Winnie Page keeps the ‘Dirty D’ dirty

By Ross Hettel

Winnie Page and the Dirt Band are bringing skanky, dirty funk to DeKalb.

Formed in January, the Dirt Band is composed almost entirely of music majors (the exception being a Spanish major) at NIU.

Examining their influences, the members check off all the requirements to lay down the groove: Sly and the Family Stone, Rage Against the Machine and, of course, the Red Hot Chili Peppers. What makes Winnie Page and the Dirt Band stand out though, is that well… they’re dirty.

The Dirt Band’s lyrics almost exclusively feature sex, drugs and more sex. Take, for example, its single “Legs and Booties,” off its soon-to-be-released album, Dirt!.

When I asked lead singer James Page what the song was about, he put it simply.

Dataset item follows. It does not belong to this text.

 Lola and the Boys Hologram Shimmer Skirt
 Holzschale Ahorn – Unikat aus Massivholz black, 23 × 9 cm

“It’s about walking around on campus and looking at all that a**,” he explained.

Other songs like “Choir Girls” revolve around similar themes. The track is somewhat of an ode to the two backup singers in the band. They can usually be found on either side of Page, swinging and singing along.

“Come on baby, let me sneak a peak,” he sings, “I heard them choir girls are some kinda freaks!”

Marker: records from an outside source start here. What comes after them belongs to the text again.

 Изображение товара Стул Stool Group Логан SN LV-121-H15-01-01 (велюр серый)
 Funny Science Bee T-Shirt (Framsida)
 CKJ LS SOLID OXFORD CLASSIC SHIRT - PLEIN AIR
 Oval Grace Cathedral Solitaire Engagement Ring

The lyrics are raunchy, and Page is the first to admit it.

“I think of all this raunchy s***, all the time,” Page said, “I’m singing exactly what’s in my head.”

For any critics of the lyrics, Page compares it to Ludacris and his explicit lyrics.

“He’s clever, intelligent… successful, and he can also write some lyrics like ‘Rough sex, make it hurt,’ [from ‘What’s Your Fantasy’],” Page said. “Accept the dirt. The dirt is natural.”

Dirt! is being recorded, so the only way to hear the Dirt Band right now is to see it play live.

One of things most bands forget is the show. If you just want to listen to music played well, you can play an album at home where the beer is usually much cheaper. But the Dirt Band doesn’t forget about live performance, and with the lead singer and the choir girls dancing and grooving on stage, the members are certainly into putting on a good show.

When the band is clearly into the music, it’s hard to not get into it yourself. Winnie Page and the Dirt Band has captured that groove, that deeper rhythm you can’t help but ignore.

“You have to be really trying to not want to dance,” said Pat Buckley, the band’s bassist.

Check out the band at its next show, Oct. 31 at the House Cafe, 263 E. Lincoln Highway. If you somehow find yourself not dancing, go visit your doctor. Your funk may be broken.